In the Octane case, the U.S. Supreme Court unanimously ruled that the two-prong test was “unduly rigid and impermissible” and inconsistent with § 285. This decision, therefore, overruled more than nine years of case law under § 285, and upheld the pre-2005 standard that the district courts have discretionary authority to look, on a case-by-case basis, at a totality of the circumstances in determining whether a case is exceptional. In the majority opinion, Justice Sonia Sotomayor stated that district courts should use their best judgment, defining an “exceptional” situation as “simply one that stands out from others” with regards to the strength of a company’s case or the “unreasonable manner” in which the case was made. The court also held that § 285 is a simple discretionary inquiry and does not impose such a high evidentiary burden as “clear and convincing evidence” thereby overruling the “clear and convincing” evidentiary standard used in post and pre-2005 patent infringement cases. Further, the Supreme Court’s decision in the Highmark case limited the ability of the appellate court to overturn the discretion of the district court in awarding reasonable attorneys’ fees in patent infringement cases.

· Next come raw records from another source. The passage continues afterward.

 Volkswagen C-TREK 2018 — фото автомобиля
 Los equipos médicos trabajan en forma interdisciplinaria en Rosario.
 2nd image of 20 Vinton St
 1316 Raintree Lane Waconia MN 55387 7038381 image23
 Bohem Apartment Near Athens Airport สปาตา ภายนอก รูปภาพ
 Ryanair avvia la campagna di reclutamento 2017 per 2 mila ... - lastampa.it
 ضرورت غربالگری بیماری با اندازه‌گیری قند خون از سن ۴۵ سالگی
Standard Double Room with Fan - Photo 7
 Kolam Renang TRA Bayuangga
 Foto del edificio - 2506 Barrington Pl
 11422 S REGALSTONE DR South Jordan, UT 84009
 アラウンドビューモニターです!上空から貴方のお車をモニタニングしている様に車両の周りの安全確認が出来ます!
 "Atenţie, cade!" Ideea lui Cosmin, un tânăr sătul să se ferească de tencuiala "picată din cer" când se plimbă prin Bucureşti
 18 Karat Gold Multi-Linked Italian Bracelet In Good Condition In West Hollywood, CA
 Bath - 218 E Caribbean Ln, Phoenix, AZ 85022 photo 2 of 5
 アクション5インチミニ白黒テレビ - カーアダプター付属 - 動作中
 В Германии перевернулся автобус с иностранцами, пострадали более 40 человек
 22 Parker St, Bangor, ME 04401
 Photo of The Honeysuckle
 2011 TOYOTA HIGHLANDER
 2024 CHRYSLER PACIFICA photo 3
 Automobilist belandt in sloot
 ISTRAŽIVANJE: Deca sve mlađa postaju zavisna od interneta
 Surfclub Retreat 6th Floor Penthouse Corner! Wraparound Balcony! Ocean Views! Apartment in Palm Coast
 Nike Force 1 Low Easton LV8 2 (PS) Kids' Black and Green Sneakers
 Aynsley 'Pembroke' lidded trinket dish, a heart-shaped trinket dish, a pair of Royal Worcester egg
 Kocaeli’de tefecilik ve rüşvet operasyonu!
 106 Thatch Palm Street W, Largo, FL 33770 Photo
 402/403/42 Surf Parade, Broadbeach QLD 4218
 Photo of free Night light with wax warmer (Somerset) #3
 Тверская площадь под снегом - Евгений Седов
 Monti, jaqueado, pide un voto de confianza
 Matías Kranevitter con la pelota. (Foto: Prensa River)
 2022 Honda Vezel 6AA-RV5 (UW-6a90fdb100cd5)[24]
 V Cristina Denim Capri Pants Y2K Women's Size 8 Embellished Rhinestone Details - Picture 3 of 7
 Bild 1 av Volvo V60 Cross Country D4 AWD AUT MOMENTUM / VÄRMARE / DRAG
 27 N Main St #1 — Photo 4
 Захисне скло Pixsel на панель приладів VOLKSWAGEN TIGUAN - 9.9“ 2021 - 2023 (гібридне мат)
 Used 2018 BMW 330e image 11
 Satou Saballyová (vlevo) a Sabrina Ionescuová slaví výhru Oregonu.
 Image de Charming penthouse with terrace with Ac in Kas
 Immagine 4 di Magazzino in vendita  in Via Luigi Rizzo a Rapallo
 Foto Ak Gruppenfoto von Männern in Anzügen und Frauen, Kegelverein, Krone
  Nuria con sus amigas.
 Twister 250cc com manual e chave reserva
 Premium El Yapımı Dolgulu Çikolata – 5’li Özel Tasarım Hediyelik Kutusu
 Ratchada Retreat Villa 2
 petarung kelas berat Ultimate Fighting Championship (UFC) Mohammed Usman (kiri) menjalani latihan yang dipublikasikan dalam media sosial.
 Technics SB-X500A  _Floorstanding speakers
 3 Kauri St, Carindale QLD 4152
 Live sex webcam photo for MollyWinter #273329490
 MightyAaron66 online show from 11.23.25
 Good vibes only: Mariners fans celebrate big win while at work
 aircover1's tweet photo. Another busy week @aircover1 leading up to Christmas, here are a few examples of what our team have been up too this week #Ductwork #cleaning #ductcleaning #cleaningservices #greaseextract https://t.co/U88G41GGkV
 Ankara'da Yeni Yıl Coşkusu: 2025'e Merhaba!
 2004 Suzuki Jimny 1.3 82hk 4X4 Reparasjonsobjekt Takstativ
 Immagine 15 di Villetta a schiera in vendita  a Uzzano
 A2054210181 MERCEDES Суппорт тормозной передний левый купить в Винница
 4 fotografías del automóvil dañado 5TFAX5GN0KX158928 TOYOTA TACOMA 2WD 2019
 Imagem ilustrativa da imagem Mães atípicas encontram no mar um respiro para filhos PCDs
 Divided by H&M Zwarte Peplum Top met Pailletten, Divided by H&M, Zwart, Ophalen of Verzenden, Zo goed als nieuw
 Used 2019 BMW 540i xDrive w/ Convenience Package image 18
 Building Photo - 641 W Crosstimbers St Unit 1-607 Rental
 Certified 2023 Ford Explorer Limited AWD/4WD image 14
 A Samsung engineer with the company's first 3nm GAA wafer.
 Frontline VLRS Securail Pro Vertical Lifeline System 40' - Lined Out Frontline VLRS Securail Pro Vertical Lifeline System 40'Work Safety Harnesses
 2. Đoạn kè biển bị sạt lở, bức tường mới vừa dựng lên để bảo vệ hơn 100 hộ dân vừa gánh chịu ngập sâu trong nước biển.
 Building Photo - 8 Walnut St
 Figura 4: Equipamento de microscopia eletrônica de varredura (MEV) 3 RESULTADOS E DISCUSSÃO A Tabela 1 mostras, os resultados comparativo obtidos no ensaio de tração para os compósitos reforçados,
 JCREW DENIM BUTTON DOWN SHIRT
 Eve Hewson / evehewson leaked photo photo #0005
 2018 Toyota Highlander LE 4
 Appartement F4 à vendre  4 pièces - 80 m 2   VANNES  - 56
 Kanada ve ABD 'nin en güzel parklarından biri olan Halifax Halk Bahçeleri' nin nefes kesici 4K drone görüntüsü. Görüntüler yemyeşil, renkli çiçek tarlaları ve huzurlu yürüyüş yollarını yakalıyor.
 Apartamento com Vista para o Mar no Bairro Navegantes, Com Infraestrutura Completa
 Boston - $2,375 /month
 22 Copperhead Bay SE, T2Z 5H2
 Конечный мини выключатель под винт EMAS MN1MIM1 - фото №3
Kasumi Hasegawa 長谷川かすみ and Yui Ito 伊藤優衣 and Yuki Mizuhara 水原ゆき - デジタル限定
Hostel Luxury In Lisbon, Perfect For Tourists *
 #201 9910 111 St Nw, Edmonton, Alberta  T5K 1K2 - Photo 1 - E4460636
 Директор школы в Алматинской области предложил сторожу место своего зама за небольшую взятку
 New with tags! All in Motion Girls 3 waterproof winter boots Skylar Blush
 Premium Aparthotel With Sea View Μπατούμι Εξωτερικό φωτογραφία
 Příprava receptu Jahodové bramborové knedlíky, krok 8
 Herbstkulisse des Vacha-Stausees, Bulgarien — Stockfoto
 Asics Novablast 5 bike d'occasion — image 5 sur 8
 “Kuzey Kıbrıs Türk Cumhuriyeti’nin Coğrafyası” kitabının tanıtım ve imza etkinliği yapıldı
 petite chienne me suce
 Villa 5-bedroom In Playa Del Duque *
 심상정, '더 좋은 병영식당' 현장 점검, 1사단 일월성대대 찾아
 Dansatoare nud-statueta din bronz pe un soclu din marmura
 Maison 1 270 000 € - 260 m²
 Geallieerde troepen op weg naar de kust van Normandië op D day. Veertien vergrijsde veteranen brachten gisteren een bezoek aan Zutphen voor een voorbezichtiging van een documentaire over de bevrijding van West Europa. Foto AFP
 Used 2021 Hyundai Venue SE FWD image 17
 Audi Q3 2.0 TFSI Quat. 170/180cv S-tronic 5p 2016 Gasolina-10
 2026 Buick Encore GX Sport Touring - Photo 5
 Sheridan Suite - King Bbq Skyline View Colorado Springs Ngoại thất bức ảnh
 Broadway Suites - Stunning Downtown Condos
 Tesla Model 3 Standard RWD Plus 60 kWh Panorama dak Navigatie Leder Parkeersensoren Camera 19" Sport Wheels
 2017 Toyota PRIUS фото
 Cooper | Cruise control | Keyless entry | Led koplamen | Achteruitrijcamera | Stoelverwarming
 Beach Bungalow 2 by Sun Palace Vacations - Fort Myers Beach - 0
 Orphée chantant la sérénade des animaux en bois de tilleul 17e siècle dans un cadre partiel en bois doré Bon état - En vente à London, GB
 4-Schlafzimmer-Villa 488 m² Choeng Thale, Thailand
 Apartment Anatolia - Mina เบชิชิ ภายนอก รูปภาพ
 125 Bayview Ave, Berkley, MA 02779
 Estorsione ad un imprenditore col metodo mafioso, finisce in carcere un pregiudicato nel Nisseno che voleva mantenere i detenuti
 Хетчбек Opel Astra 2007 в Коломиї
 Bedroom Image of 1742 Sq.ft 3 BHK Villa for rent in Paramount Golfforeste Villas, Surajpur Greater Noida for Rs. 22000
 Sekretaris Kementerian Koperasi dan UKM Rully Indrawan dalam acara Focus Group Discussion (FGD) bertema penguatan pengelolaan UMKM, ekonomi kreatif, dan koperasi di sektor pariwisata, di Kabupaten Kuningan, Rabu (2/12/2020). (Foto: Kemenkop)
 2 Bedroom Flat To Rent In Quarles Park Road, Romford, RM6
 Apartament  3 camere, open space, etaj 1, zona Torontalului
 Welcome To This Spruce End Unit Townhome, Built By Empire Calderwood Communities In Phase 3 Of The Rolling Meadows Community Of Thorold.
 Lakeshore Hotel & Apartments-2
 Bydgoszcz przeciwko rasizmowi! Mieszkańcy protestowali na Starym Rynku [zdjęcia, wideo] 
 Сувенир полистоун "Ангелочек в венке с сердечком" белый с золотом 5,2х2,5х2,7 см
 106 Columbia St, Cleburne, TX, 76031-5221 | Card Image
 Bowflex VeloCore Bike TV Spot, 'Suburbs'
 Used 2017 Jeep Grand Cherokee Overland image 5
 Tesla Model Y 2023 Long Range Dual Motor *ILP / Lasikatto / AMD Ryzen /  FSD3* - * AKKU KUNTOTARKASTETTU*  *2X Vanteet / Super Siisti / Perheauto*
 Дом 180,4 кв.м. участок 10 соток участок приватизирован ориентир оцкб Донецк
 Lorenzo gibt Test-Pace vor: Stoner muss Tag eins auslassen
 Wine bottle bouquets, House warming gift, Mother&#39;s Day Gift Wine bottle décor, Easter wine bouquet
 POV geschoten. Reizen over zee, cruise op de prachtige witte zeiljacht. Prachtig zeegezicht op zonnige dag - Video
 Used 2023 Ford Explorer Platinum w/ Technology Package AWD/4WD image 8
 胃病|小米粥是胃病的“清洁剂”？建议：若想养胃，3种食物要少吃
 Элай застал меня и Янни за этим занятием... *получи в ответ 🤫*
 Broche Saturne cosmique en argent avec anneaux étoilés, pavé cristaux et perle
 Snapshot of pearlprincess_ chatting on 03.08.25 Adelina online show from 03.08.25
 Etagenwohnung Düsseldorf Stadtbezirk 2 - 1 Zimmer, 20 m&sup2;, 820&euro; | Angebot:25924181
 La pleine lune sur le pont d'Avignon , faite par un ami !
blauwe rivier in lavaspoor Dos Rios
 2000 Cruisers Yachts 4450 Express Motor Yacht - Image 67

The U.S. Supreme Court’s decision in Octane creates ambiguity on how liberally the district courts should consider this new standard, which leads to the question whether there will be an increase in the award of reasonable attorneys’ fees to defendants in patent infringement cases post-April 29, 2014. The decision will, most likely, make it easier for defendants, who are generally accused infringers, to be awarded reasonable attorneys’ fees from the patentees. Nonetheless, these rulings are perceived as a victory to patent owners against patent trolls, who have commenced frivolous lawsuits against patent owners with the intent to obtain quick settlements. The increase in frivolous lawsuits from patent trolls has been a growing concern for patent owners in recent years. These decisions will also affect settlement negotiations in which a plaintiff can no longer threaten commencing an action with the intent to induce settlement negotiations, and settlements may be riskier when the option of the prevailing party obtaining all reasonable attorneys’ fee is on the table.
These rulings are only two of seven important intellectual property cases involving the ambiguity of claim construction, interpretation of claims and limitations on controversial software patents that are being argued before the U.S. Supreme Court this term. If the U.S. Supreme Court’s decisions in the Highmark and Octane lawsuits are any indication of its future intellectual property rulings, it promises to be a “ground-breaking” year for intellectual property.